Conhecemos a máxima de Lincoln: é possível enganar todos por algum tempo; alguns o tempo todo; mas não todos por todo o tempo.

Mas no Brasil – também na Argentina – estamos diante de uma nova bossa. Para dar um golpe, basta enganar muitos por bastante tempo. E depois o resto – inclusive o bagaço dos enganados – que se virem.

É verdade que na Argentina, no ano passado, não houve um golpe. Mas a tática usada para garantir que Macri ganhasse a eleição e conseguisse instalar seu programa de governo foi a mesma usada no Brasil para montar o golpe que está em curso.

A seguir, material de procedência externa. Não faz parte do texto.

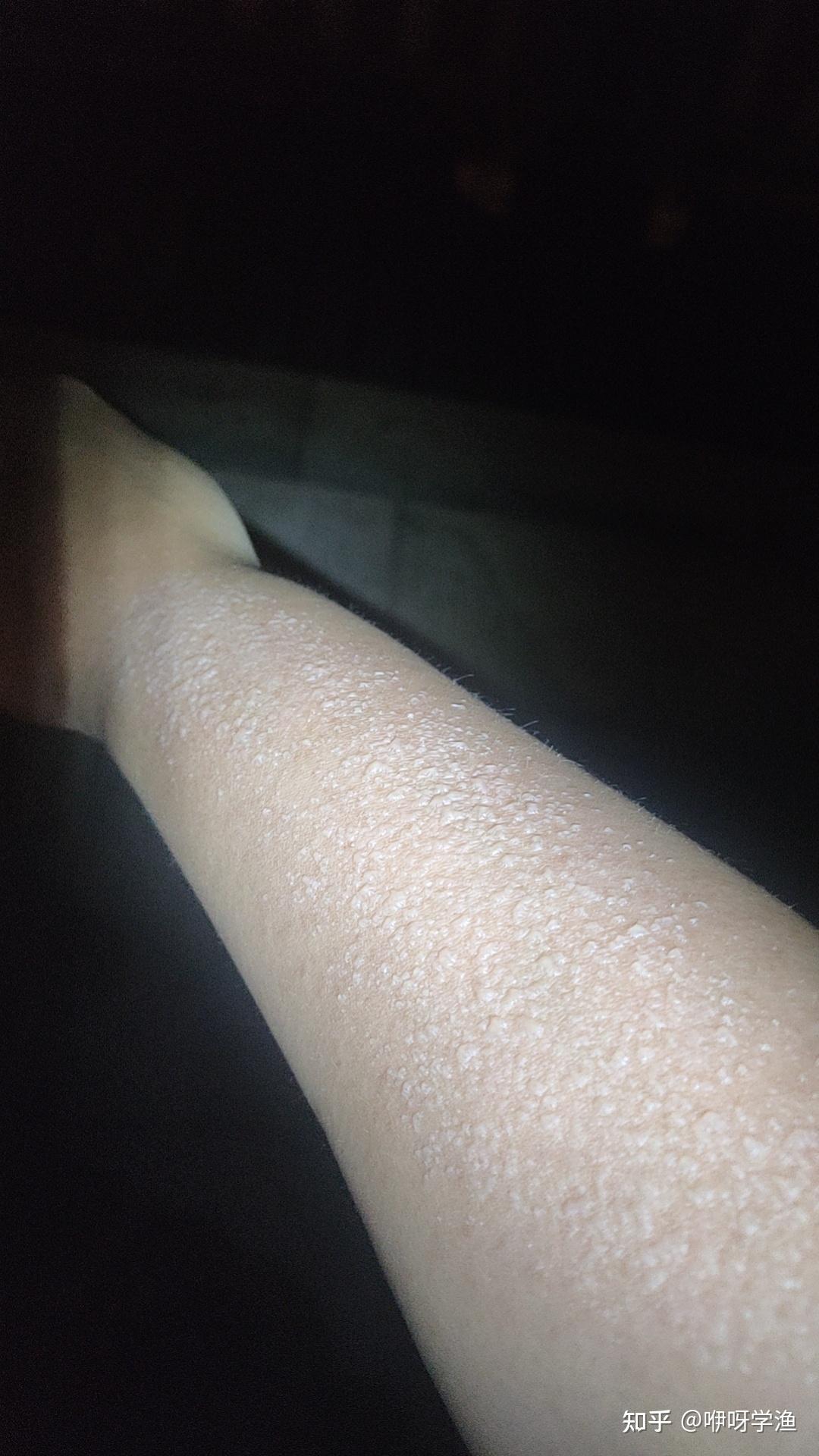 大夏天白天经常出去钓鱼,洗完澡手臂上就这样了,是什么情况?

O esquema foi igual: pressão contínua e mentirosa da mídia oligárquica, mais abusos coordenados a partir de setores do judiciário, perseguição a líderes oposicionistas, plantação de noticiário diversionista para desviar a atenção quando denúncias surgiam sobre figuras da direita. Na Argentina isto aconteceu em relação às denúncias das operações offshore de Macri e familiares, quando da revelação dos “Panamá Papers”. Imediatamente juízes denunciaram Cristina Kirchner por irregularidades que passaram a ocupar as manchetes de La Nación e El Clarín, os conglomerados que querem comandar – e cercear – a informação no país vizinho.

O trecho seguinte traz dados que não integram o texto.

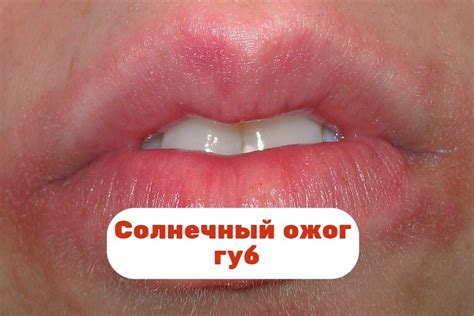 Воздействие аллергенов на кожу губ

No Brasil é evidente a agressão dos vazamentos da Lava-Jato ao ex-presidente Lula e à presidenta Dilma e o quanto eles e a mídia golpista poupam as figuras da oposição.

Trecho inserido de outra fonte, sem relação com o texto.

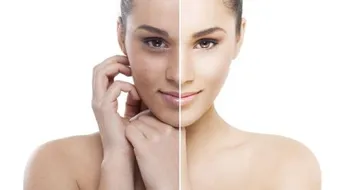 التخلص من آثار حب الشباب نهائياً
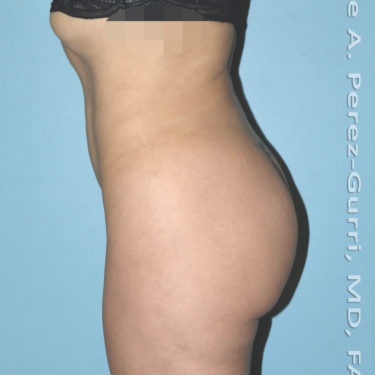 before left side view mini tummy tuck of female patient 2942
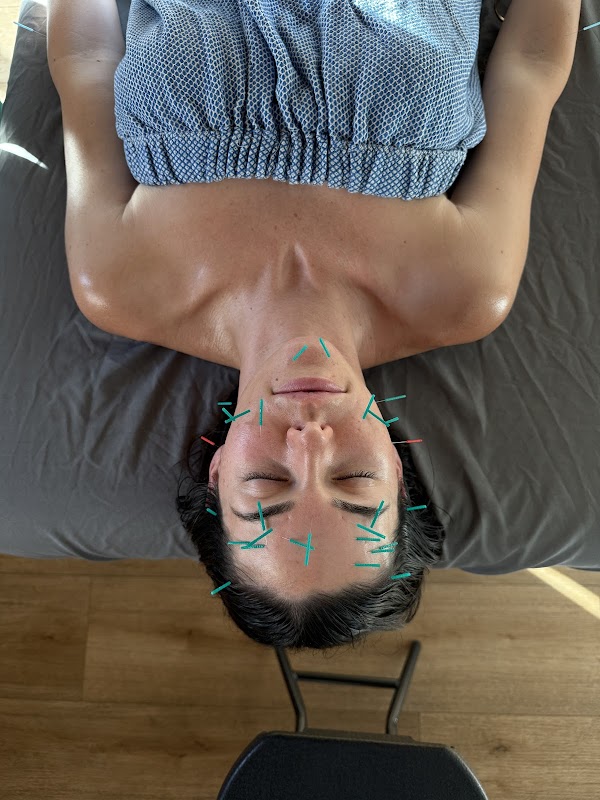 Image for California Mobile Acupuncture with ID of: 7006099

Fica evidente, através da comparação dos dois casos, que a tática, sendo a mesma, tem uma origem comum, provavelmente, e há muitos indícios nesta direção, provinda dos estados Unidos. Antigamente, logo depois da Segunda Guerra, o ex-presidente republicano e general Dwight Eisenhower alertou sobre a existência de um “complexo industrial-militar” que, na verdade, comandava os Estados Unidos. Hoje pode-se falar num complexo sistema de informação reunindo agencias como a National Security Agency, empresas de terceirização da espionagem e de inteligência, ONGs e Think Tanks que certamente forjaram este treinamento para elementos dos sistemas judiciários dos países da América Latina, além de órgãos de segurança, como as polícias federais respectivas e adjacências.

Junto com este esquema, é indispensável contar com a operação midiática que bombardeie com constância frases e manchetes que cativem as mentes e corações dos que querem ser cativados, é bom que se diga, convencendo as pessoas de platitudes vazias, como a de que “sim, sempre houve corrupção, mas o PT a institucionalizou”, quando não convencendo os mais afoitos em acreditar em qualquer coisa que proteja o que veem como seu direito a privilégios, que foi o PT que a inventou.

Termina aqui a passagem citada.